▶ [Information shown]

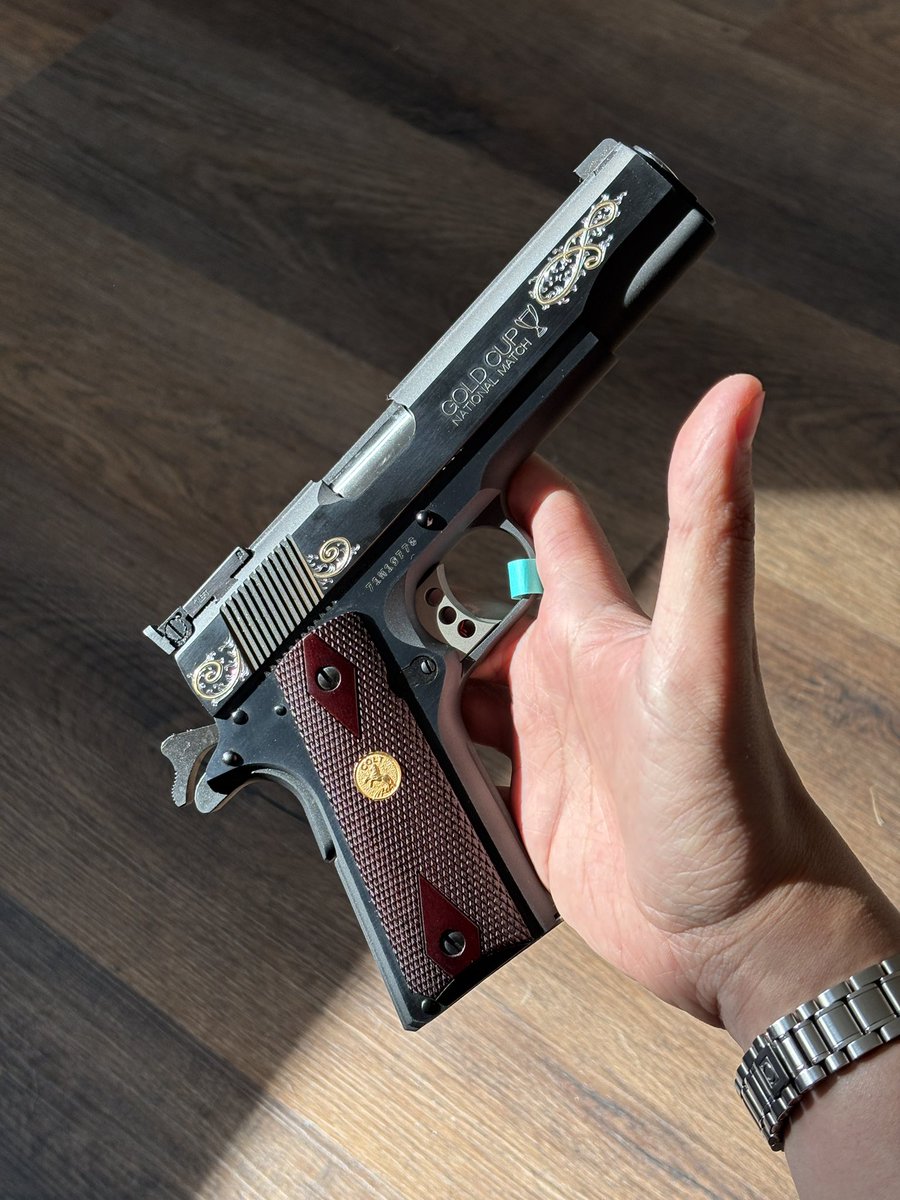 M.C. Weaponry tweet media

--

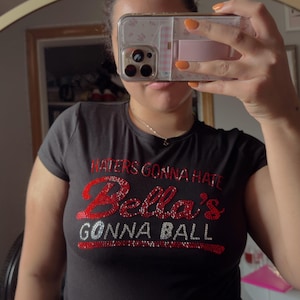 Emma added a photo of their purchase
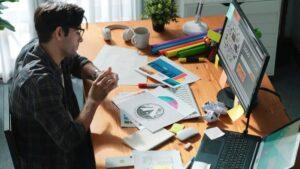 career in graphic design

▶ [Exercise directions] Find the line with "Emma added a photo of their purchase" in the entries above. Set down exactly every line from it up to and including the line with "career in graphic design", images excluded.

▶ [Response]
 Emma added a photo of their purchase
 career in graphic design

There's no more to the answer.